ARN

9 most important steps for SMBs to defend against ransomware attacks

Here's how small- to medium-sized businesses can effectively protect their networks against the risk of ransomware without breaking their security budgets.

Ransomware is impacting firms around the world. Mandiant has indicated that ransomware is on the rise and doesn’t appear to be slowing down one bit. These are the nine tasks that SMBs should focus on to mitigate risk from ransomware attacks.

1. Have a backup plan and tested recovery process

Some might argue that multi-factor authentication (MFA) is the best way to protect a firm, but I’d argue that having a tested backup and recovery process would be better. 

Too often businesses overlook having a backup and a tested recovery process. Especially for firms with on-premises servers and domain controllers, have a process where someone – in the firm or a consultant or managed service provider -- perform a dry run of an actual recovery process. 

When I’ve done a dry run, I often find that I need to perform some step that I’ve forgotten to restore from a bare metal process. You may find that a HyperV parent needs additional steps or you need to take ownership of the restoration image to fully restore a Hyper V server or virtual machine to full working condition. 

Ensure that you have a recovery script or manual in place so that staff tasked to recover know the steps. The documented steps will help lower the stress of the event.

2. No public-facing remote desktop connections

Do not expose servers to public-facing remote desktop connections. Many ransomware attacks start with attackers either guessing the passwords or finding repositories of administrative passwords left behind in online databases and GitHub repositories. 

We are often our own worst enemies when it comes to credentials, so never use public-facing Remote Desktop Protocol (RDP) in production networks.

3. Limit administrator and domain administrator credentials

Review your network for the use of local administrator credentials as well as domain administrative credentials. I have SMBs too often take the easy road is taken and allow users to be local administrators with no restrictions. Even worse is when a network is set up giving users domain administrator rights.

There is no reason for a network user to have domain administrator roles or rights while they are a user. 

For many years vendors often assigned domain administrative rights because it was an easy fix to get an application to work properly. 

Vendors have moved away from granting administrator rights to requiring installation in the user profile, but I still hear reports of consultants finding networks where the users are domain administrators. On your domain controller, run the command get-adgroupmember "Domain Admins". No user in your organisation should be a domain administrator.

4. Have a policy for confirming financial transactions

To ensure that your organisation won’t be caught by business email compromise (BEC) attacks, ensure that you have an agreed-upon process to handle financial transactions, wires and transfers. 

Never rely upon an email to provide you with the account information for fund transfers. Attackers will often know that you have projects underway and send emails attempting to lure you to transfer funds to an account they own. 

Always confirm with the receiving organization that the account information is correct. If any changes to the process are made, there should be a documented approval process in place to ensure that the change is appropriate.

5. Isolate public-facing servers

For any server that is public facing, consider placing that server in an isolated position or even putting it in a hosted situation. Public-facing web servers should not be able to connect to internal systems if you are an SMB because the resources needed to properly secure and maintain them are often too high. Look for solutions that place limits and divisions between external web resources and internal domain needs.

6. Retire out-of-date servers

Investigate whether you can retire out of date servers. Microsoft recently released a toolkit to allow customers to possibly get rid of the last Exchange Server problem.

For years the only way to properly administer mailboxes in Exchange Online where the domain uses Active Directory (AD) for identity management was to have a running Exchange Server in the environment to perform recipient management activities.

Exchange Management Tools were released with Exchange Server 2019 CU12 and includes an updated Exchange Management Tools role designed to address the scenario where an Exchange Server is run only because of recipient management requirements. 

The role eliminates the need to have a running Exchange Server for recipient management. In this scenario, you can install the updated tools on a domain-joined workstation, shut down your last Exchange Server, and manage recipients using Windows PowerShell.

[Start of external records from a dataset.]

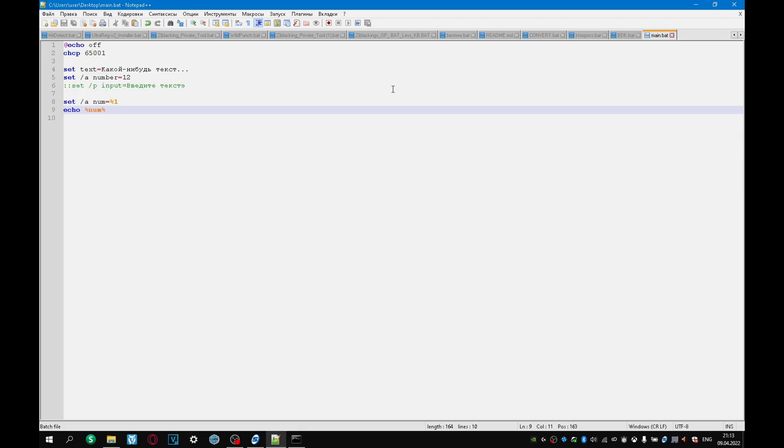As you already understood, an ordinary variable without any type is a variable that stores only text in itself. A variable with the numeric type is slash a, which can store absolutely any number. And the argument variable is a percentage with 1, 2, 3, and so on. Initially all variables in the code are global, and they can be used in any part of the code.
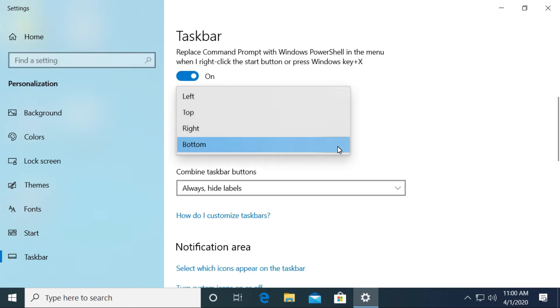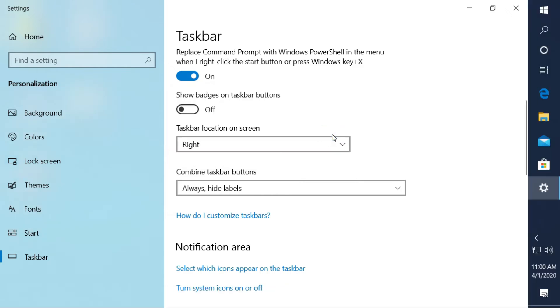Choose either right, top, or left location of your taskbar. Then, you will notice that your taskbar is moving.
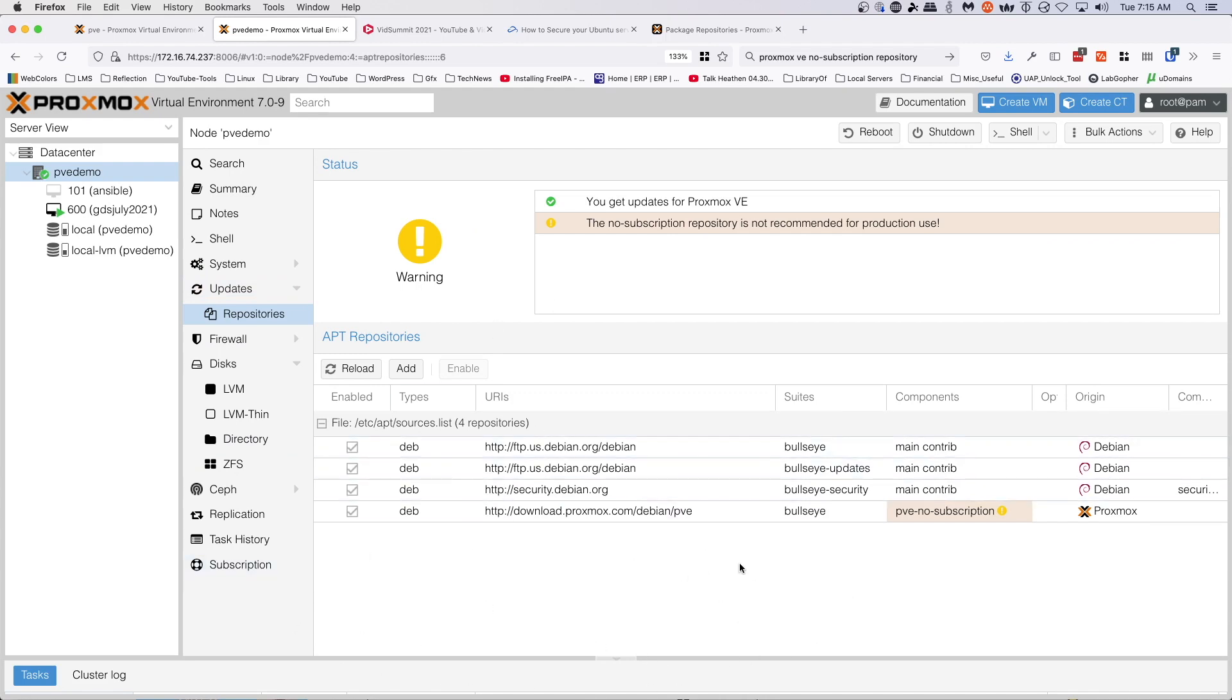And we are currently, as of July 2021, we are running version 7.0.9.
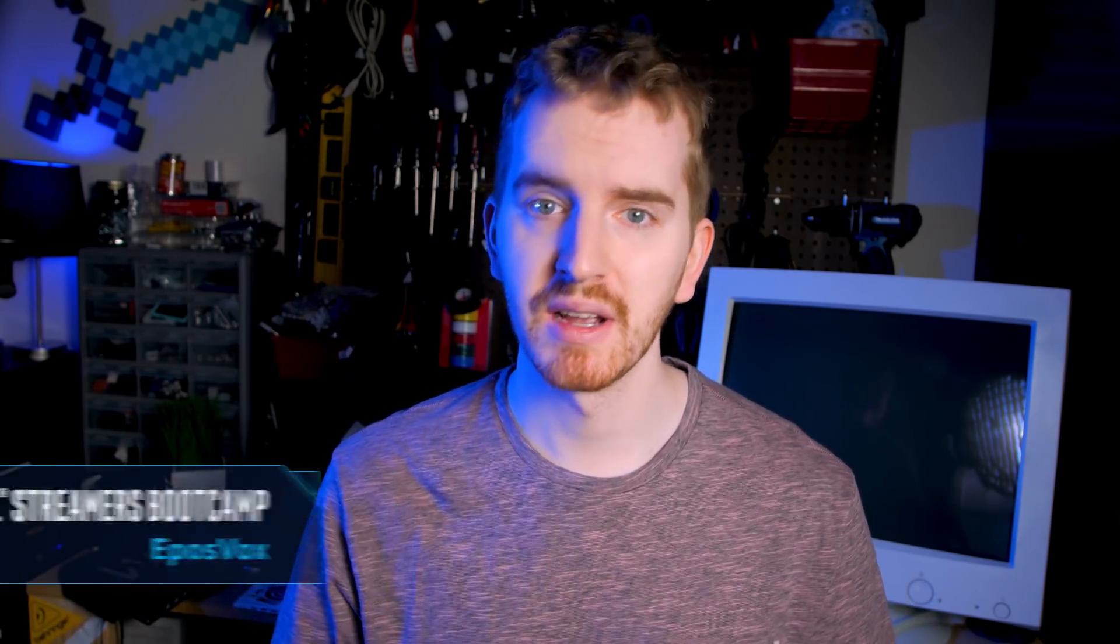I'm EposVox, back here with the Intel Streamers Bootcamp, and today we're going to talk about the benefits of investing in a multi-core processor like the Intel Core i7 processor series for higher quality video content, streaming, gaming, and video production. Let's get started.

7. Review consultant access

Investigate the consultants and their access. Attackers look for the weak link and often that is an outside consultant. Always ensure that their remote access tools are patched and up to date. 

Ensure that they understand that they are often the entry point into a firm and that their actions and weaknesses are introduced into the firm as well. Discuss with your consultants what their processes are.

8. Focus on known exploited vulnerabilities

Focus on the known exploited vulnerabilities. While security consultants urge businesses large and small to turn on automatic updates, small firms often don’t have many resources to test patches. They often hold back to ensure there are no side effects with updates. Monitoring the list in the link allows you to focus on those items that are under active attack.

9. Deploy or update endpoint detection and response

Endpoint detection and response (EDR) is becoming more affordable for SMBs. Microsoft 365 Business premium enabled EDR in the form of Microsoft Defender for Business.